Bir TSK mensubunun bana anlattığına göre:

- Cumhurbaşkanı’nın indiği askeri veya askeri/sivil ortak hava meydanlarında o askeri birlik ile Erdoğan orada bulunduğu sürece nöbet tutacak tüm askerlerin T.C. kimlik numaraları Beştepe’nin güvenlik ekibi tarafından soruşturmadan geçiriliyor. Soruşturmadan geçenlerin nöbet tutmasına izin veriliyor.

- Mermiler toplatılıyor, silahlardaki iğneler bile söktürülüyor. O askeri birlik savunmasız hale getiriliyor.

- O birlikteki tüm tatbikatlar, atışlar ve eğitimler iptal ediliyor.

- Tüm jet uçuşları ve eğitimler iptal ediliyor.

- Nöbet tutan savaş pilotlarının başına eli silahlı cumhurbaşkanlığı korumaları gönderiliyor.

- Uçak ve pilotlar cumhurbaşkanı için tehdit görülüyor ve devre dışı bırakılıyor.

- Cumhurbaşkanının katıldığı atışlı tatbikatlarda atış yapacak tank operatörü, topçu, savaş gemisi kaptanı ve atış unsurları, uçak ve helikopter pilotlarının tümü cumhurbaşkanlığı tarafından güvenlik soruşturmasından geçmiş personelden seçiliyor. Soruşturmadan geçme oranı yüzde 10-15 civarında gerçekleşiyor. Kim niye seçildiğini ve seçilmediğini bilmiyor. Kuvvet komutanlıklarının dahi bilgisi olmuyor. Bu durum TSK’da ayrımcılığa, dedikoduya, ötekileştirmeye ve huzursuzluğa yol açıyor.

25-30 PİLOTA İZİN VAR

- Cumhurbaşkanının uçak ve helikopterle yapacağı seyahatlerde koruma amaçlı iki F-16 havada oluyor. Helikopterle yapılan seyahatlerde ilave olarak Jandarma Atak helikopterleri kalkıştan inişe kadar eşlik ediyor. Yurt dışı seyahatlerinde F-16’lar ülke sınırına kadar koruma sağlıyor.

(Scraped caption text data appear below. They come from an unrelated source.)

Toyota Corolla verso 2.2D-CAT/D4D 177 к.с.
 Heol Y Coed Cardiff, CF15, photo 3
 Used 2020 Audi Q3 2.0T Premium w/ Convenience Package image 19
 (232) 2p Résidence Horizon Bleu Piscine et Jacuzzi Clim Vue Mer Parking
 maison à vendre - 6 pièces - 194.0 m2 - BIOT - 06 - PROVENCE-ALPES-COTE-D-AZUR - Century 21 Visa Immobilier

- Koruma amaçlı uçan F-16 ve jandarma helikopter pilotları da cumhurbaşkanlığı tarafından soruşturulup onay verilenlerden seçiliyor. Her uçuş öncesi, uçacak isimler tekrar soruşturmaya tabii tutuluyor. Hava Kuvvetleri’ndeki F-16 pilotlarından yaklaşık yüzde 10’unun, yani 25-30 pilotun bu koruma uçuşunu yapmasına müsaade edildiği biliniyor.

- Akıncı 4. Ana Jet Üssü’ndeki altı F-16 savaş uçağı cumhurbaşkanlığının savunması için kulanılıyor.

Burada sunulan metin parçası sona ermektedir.